▶ [Material supplied]:
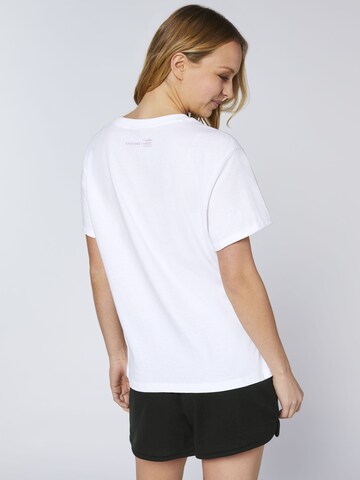 CHIEMSEE Shirt in White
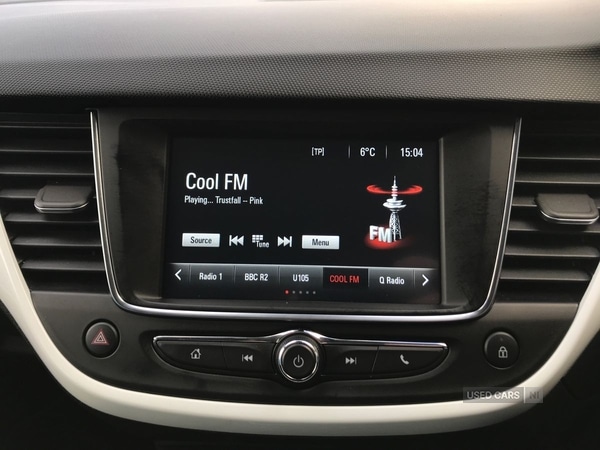 Used Vauxhall Crossland 2021 for sale - 76659705: Photo 13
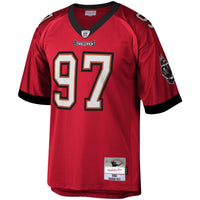 Tampa Bay Buccaneers Simeon Rice Red Legacy Replica Jersey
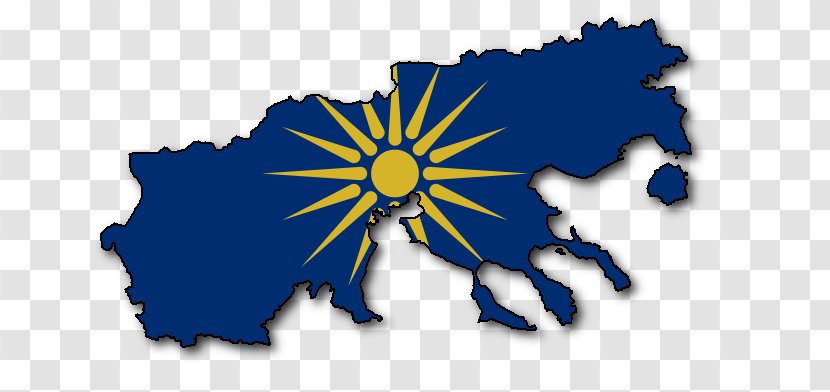 Macedonians Ottoman Greece Flag Of Map - Greeks - Seven Samurai Transparent PNG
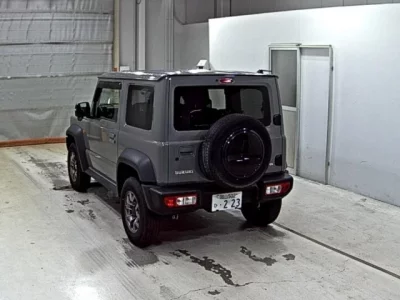 Suzuki JIMNY SIERRA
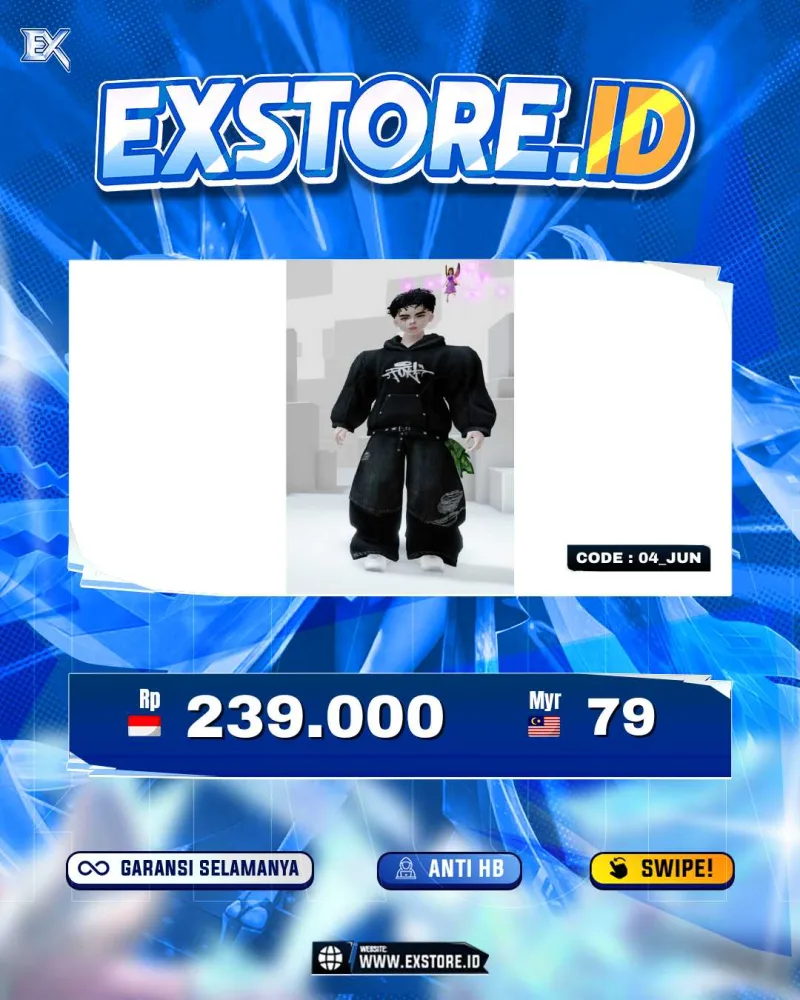 AVATAR ACCOUNT + DDS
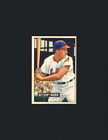 1951 Bowman Al Rosen #187 - Cleveland Indians - EX-MT+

▶ [What you will do]:
All lines of the listing must be given again exactly, excluding the pictures.

▶ [Problem solution]:
 CHIEMSEE Shirt in White
 Used Vauxhall Crossland 2021 for sale - 76659705: Photo 13
 Tampa Bay Buccaneers Simeon Rice Red Legacy Replica Jersey
 Macedonians Ottoman Greece Flag Of Map - Greeks - Seven Samurai Transparent PNG
 Suzuki JIMNY SIERRA
 AVATAR ACCOUNT + DDS
 1951 Bowman Al Rosen #187 - Cleveland Indians - EX-MT+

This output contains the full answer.